Gardoqui desembarcó en los Estados Unidos en la primavera de 1785. Llegó primero a Filadelfia, donde se esperaba su llegada, pero pronto se trasladó a Nueva York, puerto y sede del Congreso, para instalarse como representante permanente de España. Allí fue recibido con cortesía por los miembros del Congreso y por personajes como John Jay, Benjamin Franklin o Thomas Jefferson. Lo de codearse con las altas instancias norteamericanas, sin embargo, no fue siempre fácil: todavía los Estados Unidos estaban definiendo su diplomacia externa, y España estaba tanteando qué tanto podía exigir sin romper relaciones.

Uno de los eventos más simbólicos fue la inauguración de George Washington como primer Presidente el 30 de abril de 1789. Nuestro protagonista estaba allí: Gardoqui asistió como uno de los pocos diplomáticos extranjeros presentes. Se cuenta que en esa ceremonia Gardoqui apenas se sentó a unos metros de Washington. Para tal ocasión, además, el emisario español decoró su residencia en Broadway con ornamentos festivos, un gesto diplomático que simbolizaba de alguna forma la aceptación española de la nueva república, aunque siempre con las reservas estratégicas propias de la corona.

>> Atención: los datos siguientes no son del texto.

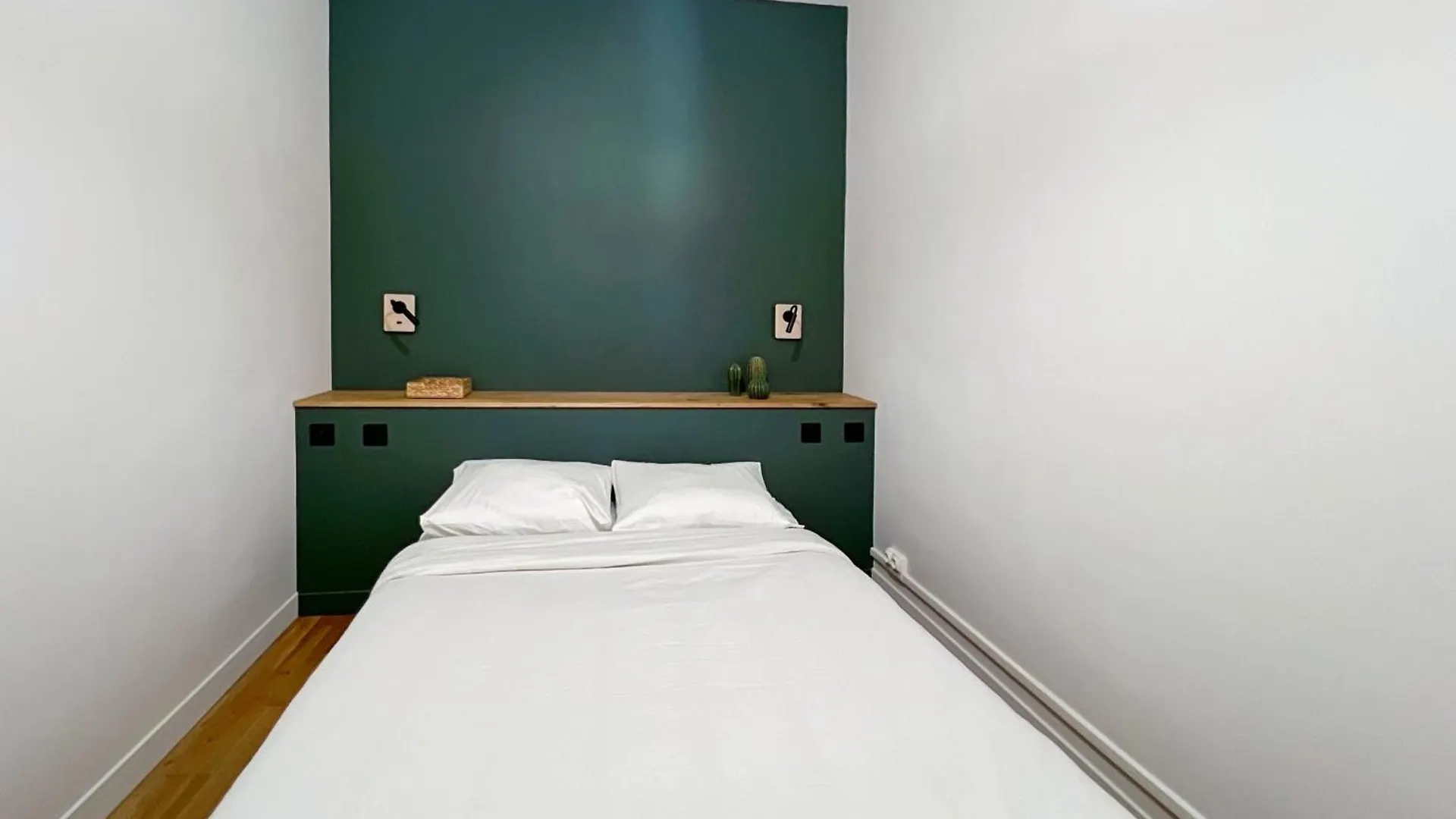 Nice 2 Rooms Near The Place De La Nation Paris Apartment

En cuanto a relaciones con los Padres Fundadores, Gardoqui cultivó correspondencia formal y amistad con John Jay, Thomas Jefferson, George Washington y otros implicados en la construcción institucional de los Estados Unidos. Por ejemplo, en una carta de noviembre de 1786, Gardoqui le escribe a Washington agradeciendo el uso que el presidente daba a telas —vicuña cloth— que había enviado como muestra de amistad, además de otras atenciones cortesanas que fortalecían lo simbólico: «As a memento of my regard & great consideration for your Excellency…».

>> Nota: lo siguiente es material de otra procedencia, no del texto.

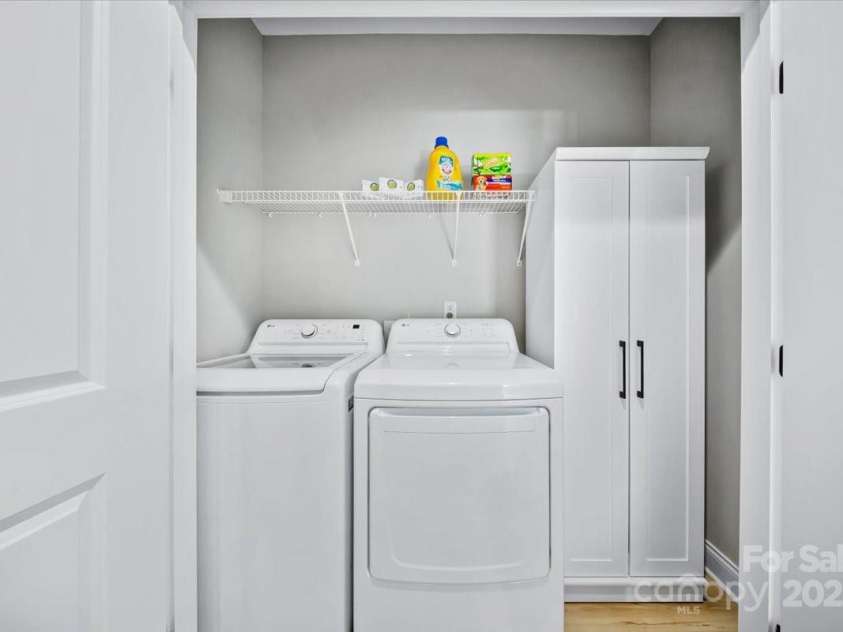 360 Broad Street, Waxhaw, NC 28173.  MLS# CAR4330301, YatesRealty ID 12900.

También en marzo de 1786, John Jay responde una carta de Gardoqui relativa al envío de un caballo —supuestamente para cría— desde España hacia Estados Unidos, gestos que muestran la mezcla de protocolo, diplomacia social, regalos, y negociaciones formales. En las relaciones internacionales nada es baladí, claro. Esa relación diplomática de gestos fue clave: cada obsequio, cada carta, cada saludo, ayudaba a construir respeto y presencia española.

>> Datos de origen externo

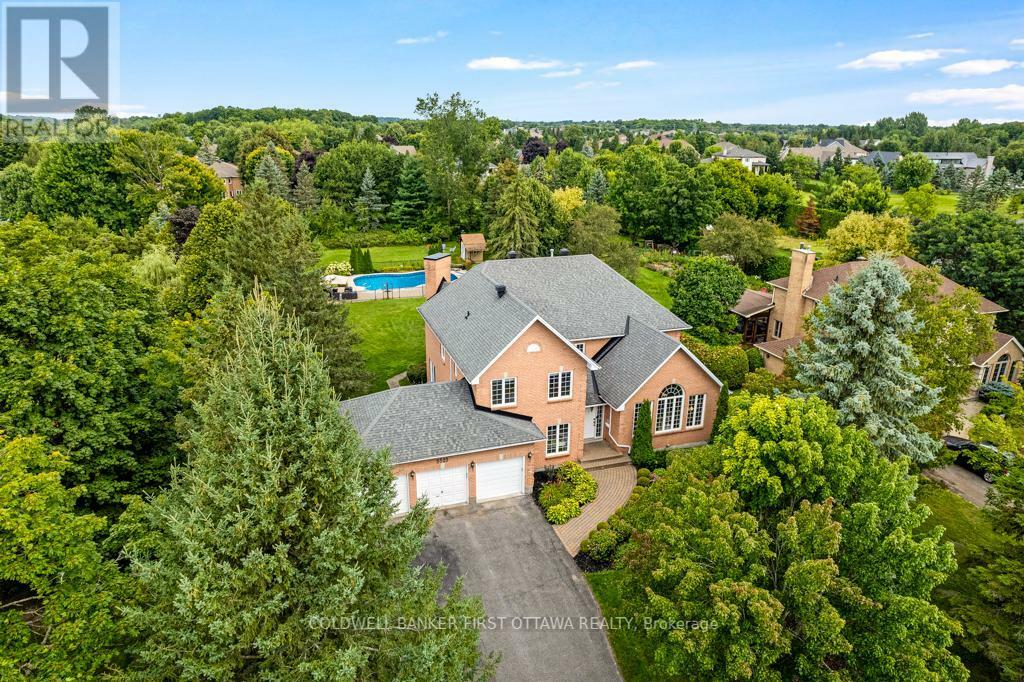Property Photo: 5525 Pettapiece Crescent ON K4M 1C6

Pero no todo fue cordial. Se dieron tensiones muy concretas, estratégicas, que pusieron a prueba esa diplomacia suave. España mantenía firme su deseo de conservar Florida Occidental, controlar Luisiana española, preservar sus derechos sobre el río Mississippi —que era vital para los estados del Oeste para transportar productos. En su comisión, Gardoqui recibió instrucciones de rechazar cualquier reclamación americana de navegación libre por partes del Mississippi bajo ciertos tramos que España consideraba propios de su jurisdicción. Asimismo, los límites entre los Estados Unidos y los territorios españoles en Florida y Luisiana no estaban claros tras el Tratado de París de 1783, y Gardoqui negoció tratando de asegurar líneas favorables.

Una de las negociaciones más memorables fue la propuesta de tratado que se conoce como el Jay-Gardoqui Treaty, firmado en 1786. En él, España ofrecía abrir sus puertos europeos y del Caribe al comercio estadounidense, pero exigía a cambio que los estados renunciasen a la navegación libre del Mississippi durante varios años. Esa cláusula no fue aceptable para muchos estados occidentales —como Kentucky o Tennessee, por ejemplo—, que dependían del río para comercio. En última instancia, el tratado no fue ratificado por el Congreso de los Estados Unidos, aunque mostró la voluntad española de negociar.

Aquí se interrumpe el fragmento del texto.